##### RECORD EXTRACTS
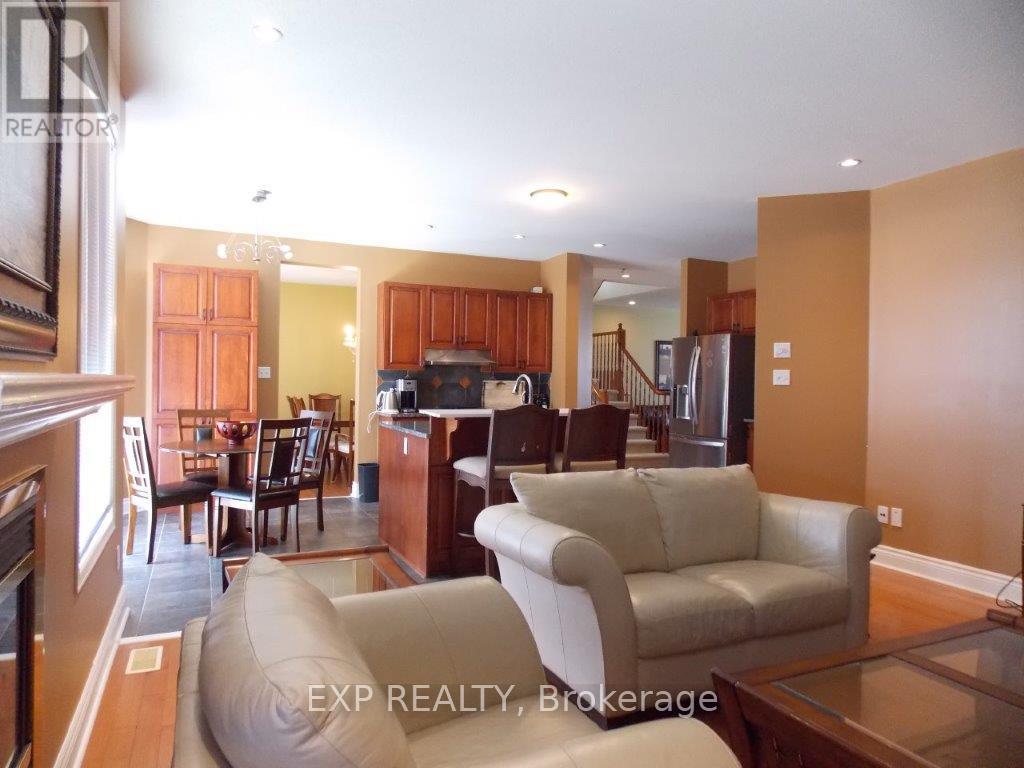 129 Annapolis Circle, Ottawa, Ontario  K1V 1Z3 - Photo 9 - X12597606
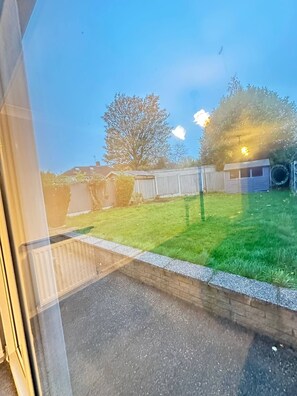 المنطقة المحيطة بالمنشأة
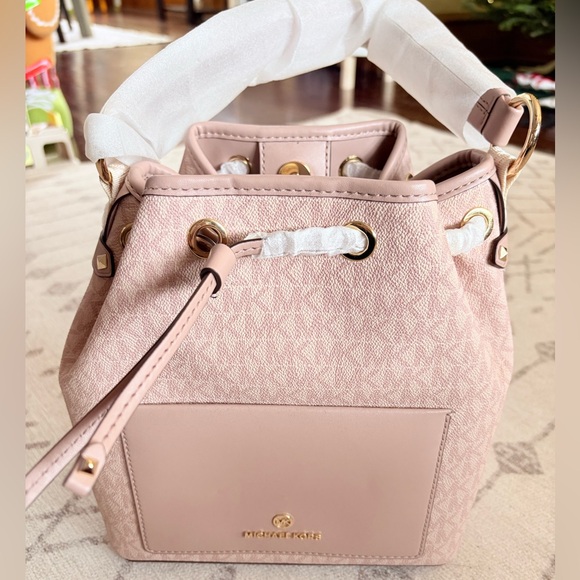 Michael Kors Ballet Med Bucket Bag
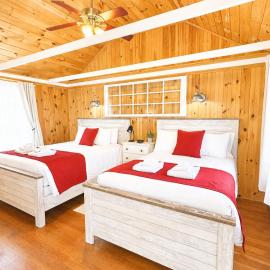 Cottage 4 - Queen and Full Beds Child Loft w 2 Twins Private Bath Kitchenette Pets Allowed Fee applies，位于沃尔夫伯勒的酒店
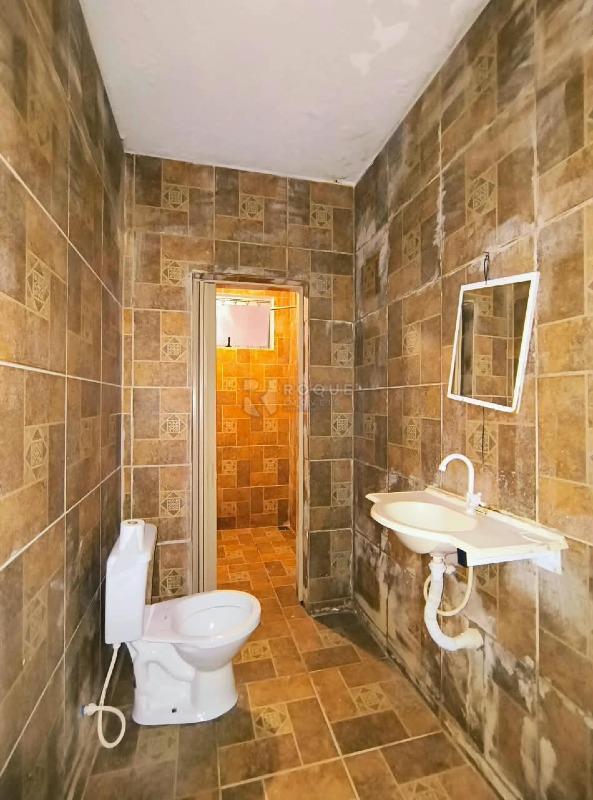 Casa Residencial para aluguel no bairro Parque Residencial Belinha Ometto: Wc social 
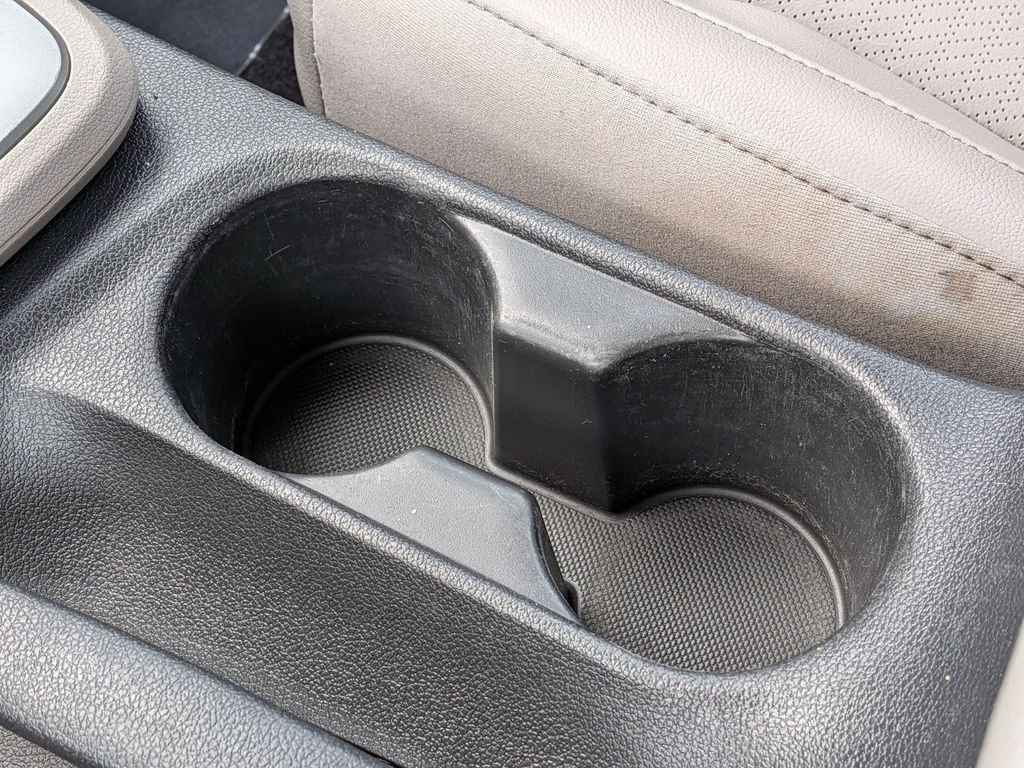 2020 Hyundai Elantra Limited - Photo 21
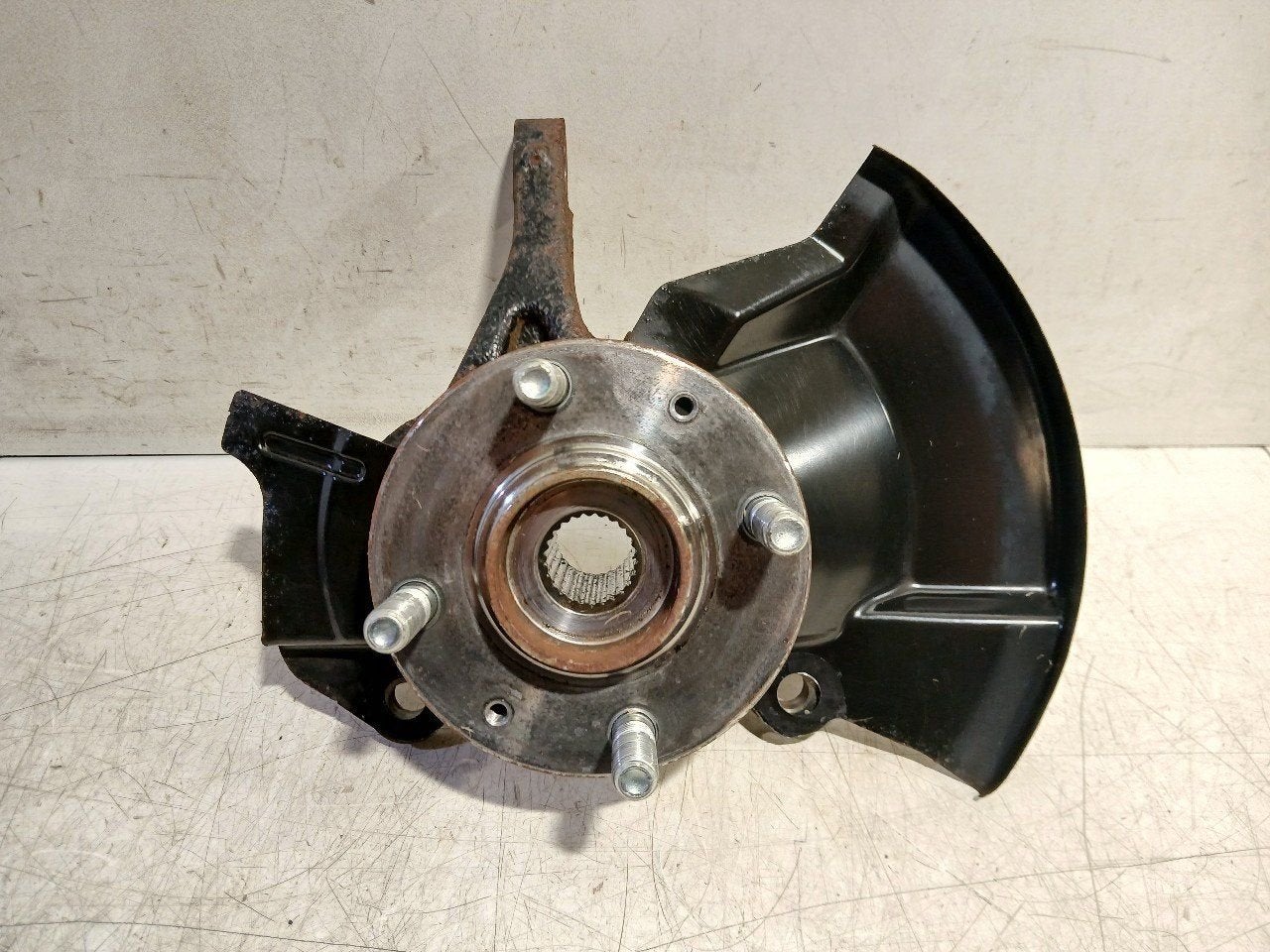 Wielnaaf rechts voor Hyundai i20, Onderdelen@venauto.nl, Van der Ven Autorecycling B.V., Gebruikt, Ettenseweg 76, 4706 PB Roosendaal, The Netherlands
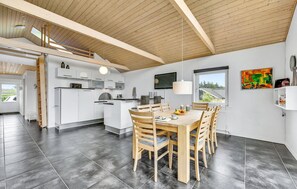 Dining - 3 bedroom amazing home in Hvide Sande (Hvide Sande)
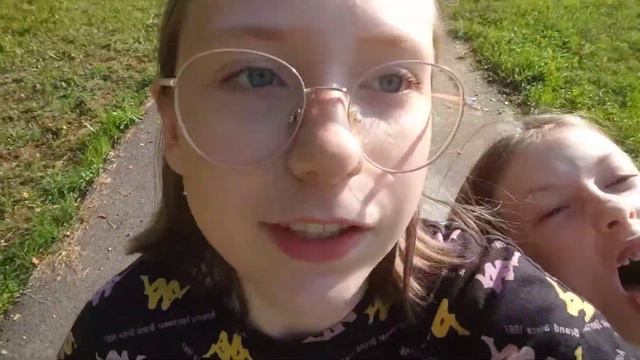 ВПРЕРВЫЕ ПОЕХАЛА В ЛАГЕРЬ! ЛУЧШАЯ СМЕНА! смотреть онлайн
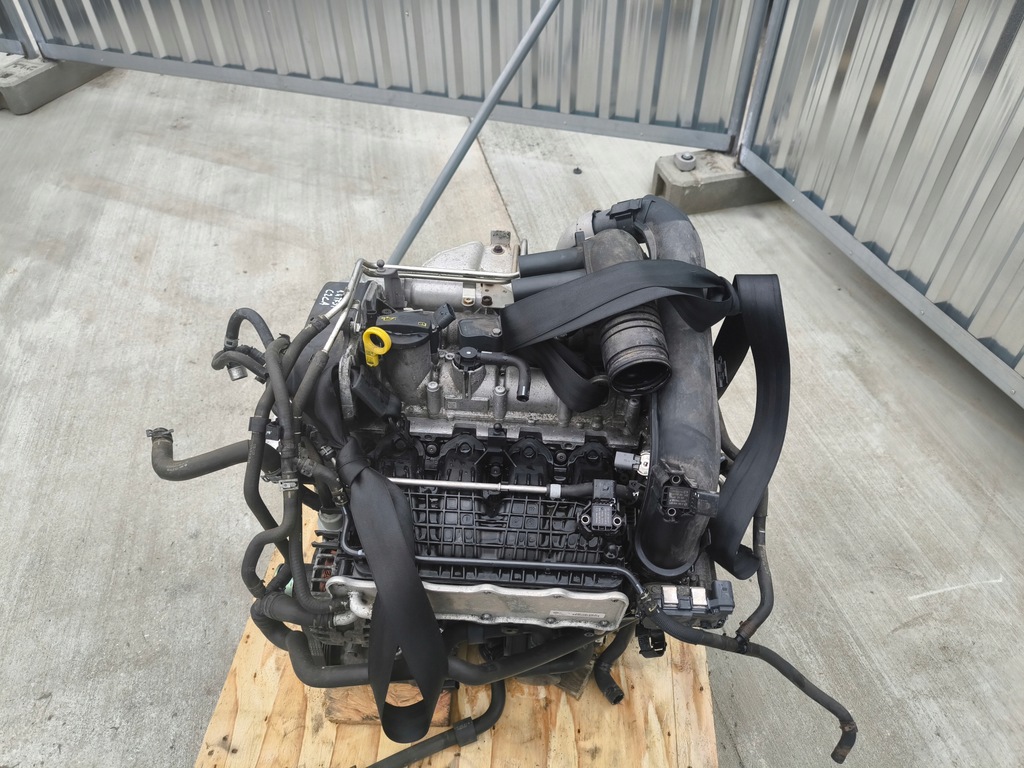 Moteur CZCA — vue 5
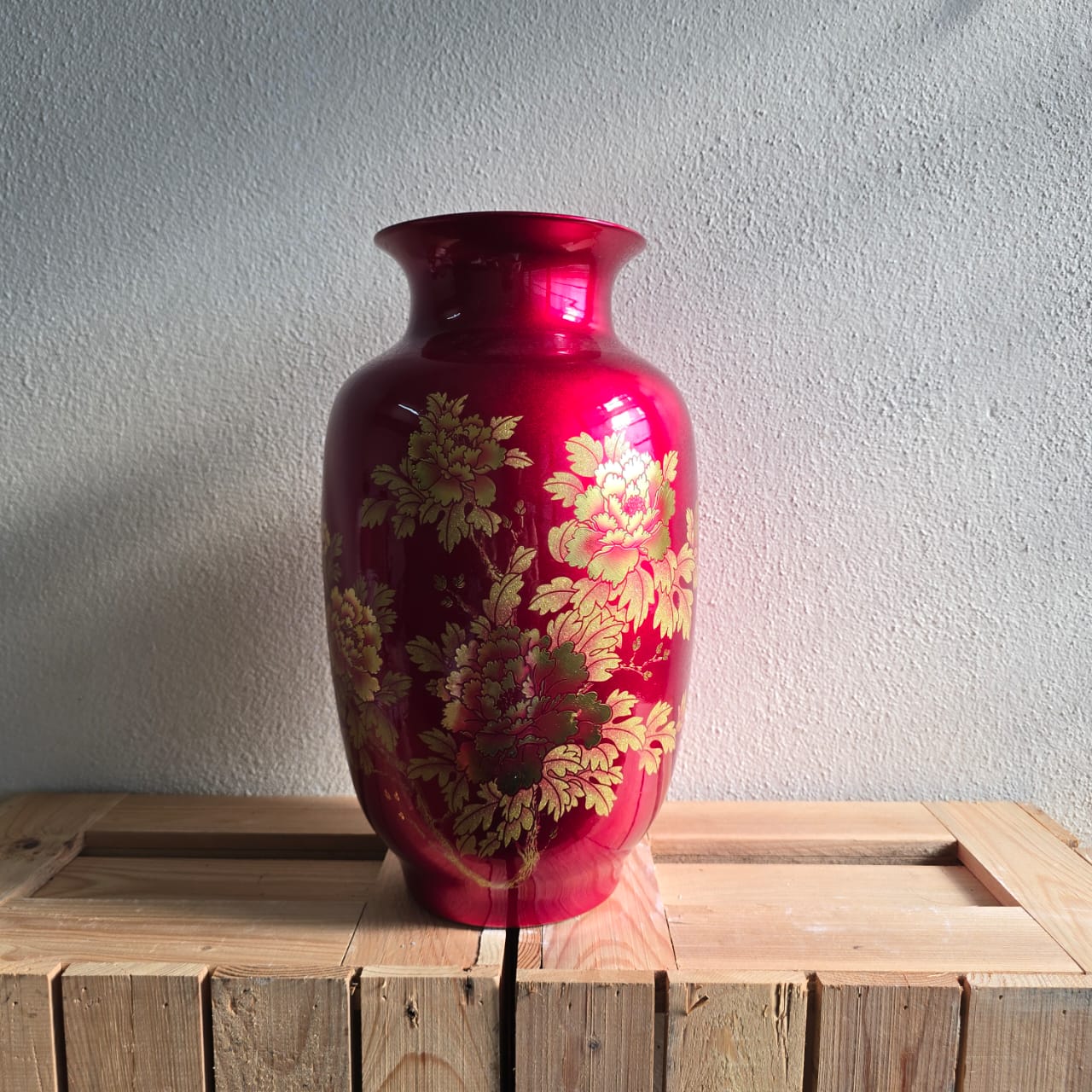Red Floral Decorative Vase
##########
**WHAT YOU WILL DO**
The line containing "Casa Residencial para" and every line after it, up to the last line of the data, should be returned exactly, without the pictures.

**WORKED SOLUTION**
 Casa Residencial para aluguel no bairro Parque Residencial Belinha Ometto: Wc social 
 2020 Hyundai Elantra Limited - Photo 21
 Wielnaaf rechts voor Hyundai i20, Onderdelen@venauto.nl, Van der Ven Autorecycling B.V., Gebruikt, Ettenseweg 76, 4706 PB Roosendaal, The Netherlands
 Dining - 3 bedroom amazing home in Hvide Sande (Hvide Sande)
 ВПРЕРВЫЕ ПОЕХАЛА В ЛАГЕРЬ! ЛУЧШАЯ СМЕНА! смотреть онлайн
 Moteur CZCA — vue 5
Red Floral Decorative Vase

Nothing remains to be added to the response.